## [Provided records]

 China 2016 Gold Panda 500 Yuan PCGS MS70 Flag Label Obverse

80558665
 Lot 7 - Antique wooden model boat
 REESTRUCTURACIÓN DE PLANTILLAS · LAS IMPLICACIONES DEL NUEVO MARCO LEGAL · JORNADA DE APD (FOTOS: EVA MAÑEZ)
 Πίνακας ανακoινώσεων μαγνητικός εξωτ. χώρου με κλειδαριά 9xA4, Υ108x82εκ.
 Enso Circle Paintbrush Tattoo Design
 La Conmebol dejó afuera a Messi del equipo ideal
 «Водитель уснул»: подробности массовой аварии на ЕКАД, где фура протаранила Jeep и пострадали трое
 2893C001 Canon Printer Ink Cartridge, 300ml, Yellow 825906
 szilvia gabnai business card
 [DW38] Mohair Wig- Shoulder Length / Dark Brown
...
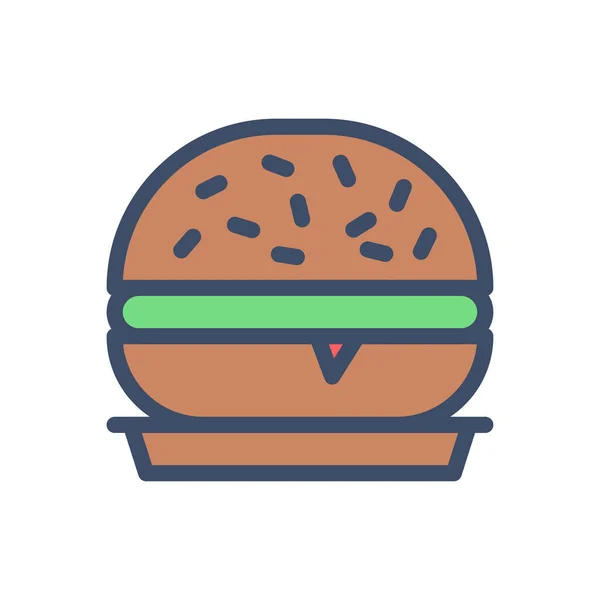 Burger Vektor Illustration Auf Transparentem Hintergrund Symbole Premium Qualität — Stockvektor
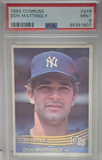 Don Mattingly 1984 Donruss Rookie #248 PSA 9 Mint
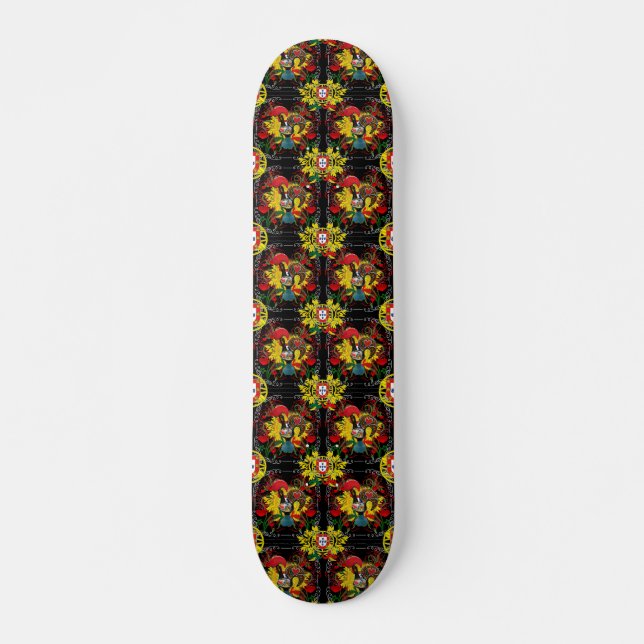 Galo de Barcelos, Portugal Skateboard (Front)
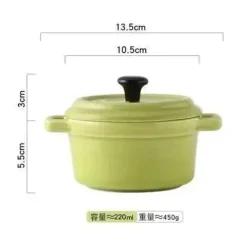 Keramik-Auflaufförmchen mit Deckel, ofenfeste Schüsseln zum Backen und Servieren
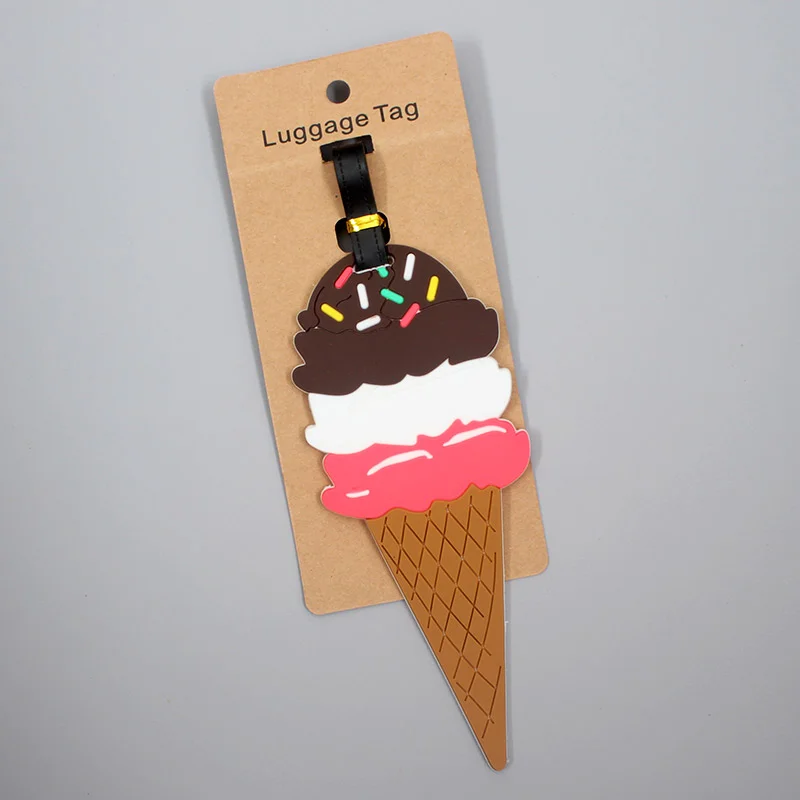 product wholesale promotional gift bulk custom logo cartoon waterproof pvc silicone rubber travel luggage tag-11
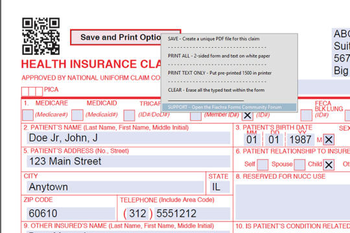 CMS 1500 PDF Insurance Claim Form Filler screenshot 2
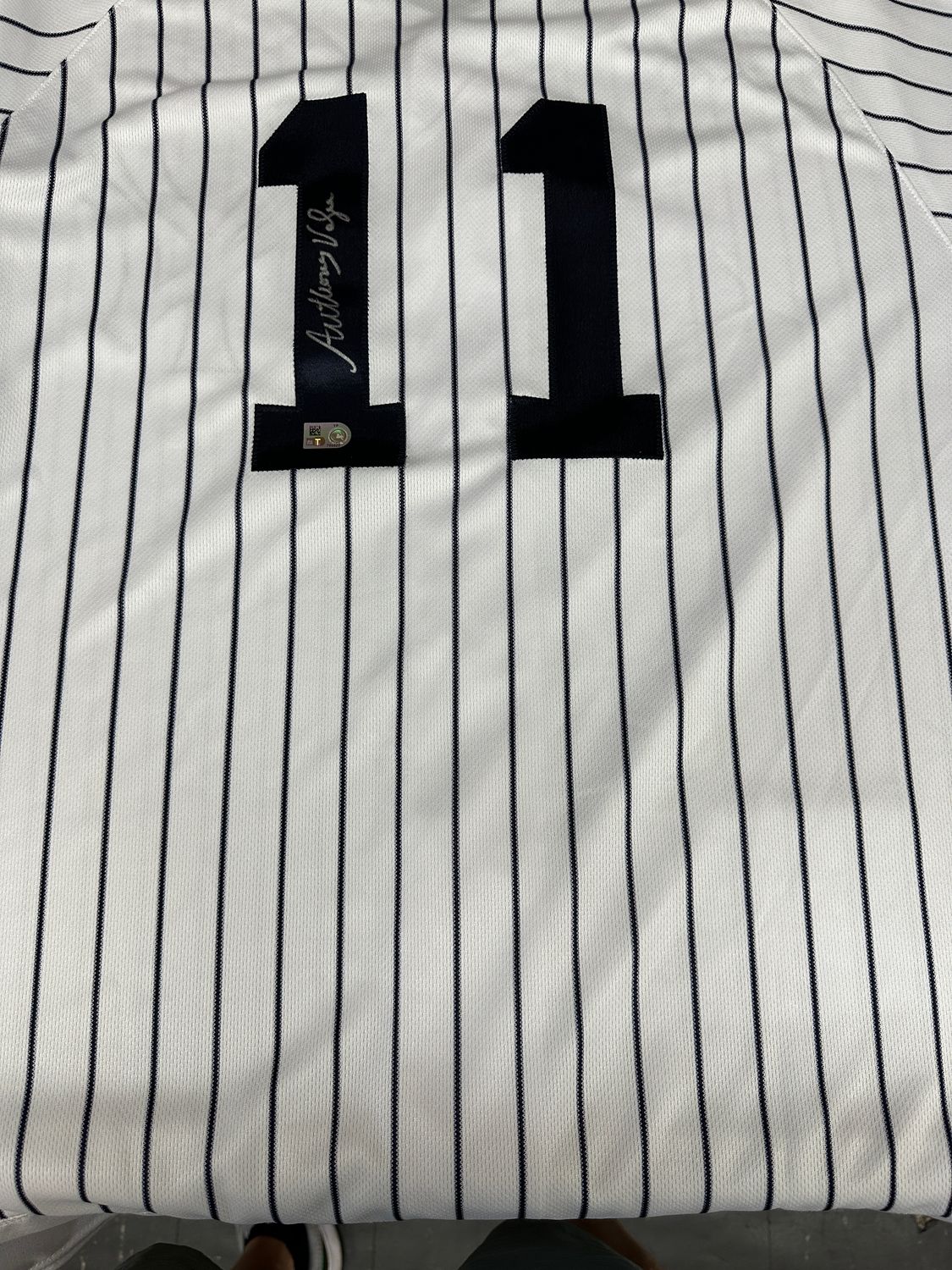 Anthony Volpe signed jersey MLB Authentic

## [Aim of the exercise]
Beginning at the line with "China 2016 Gold" and ending at the line with "2893C001 Canon Printer", reproduce each line of the data above exactly, and add no other lines.

## [Exercise response]
 China 2016 Gold Panda 500 Yuan PCGS MS70 Flag Label Obverse

80558665
 Lot 7 - Antique wooden model boat
 REESTRUCTURACIÓN DE PLANTILLAS · LAS IMPLICACIONES DEL NUEVO MARCO LEGAL · JORNADA DE APD (FOTOS: EVA MAÑEZ)
 Πίνακας ανακoινώσεων μαγνητικός εξωτ. χώρου με κλειδαριά 9xA4, Υ108x82εκ.
 Enso Circle Paintbrush Tattoo Design
 La Conmebol dejó afuera a Messi del equipo ideal
 «Водитель уснул»: подробности массовой аварии на ЕКАД, где фура протаранила Jeep и пострадали трое
 2893C001 Canon Printer Ink Cartridge, 300ml, Yellow 825906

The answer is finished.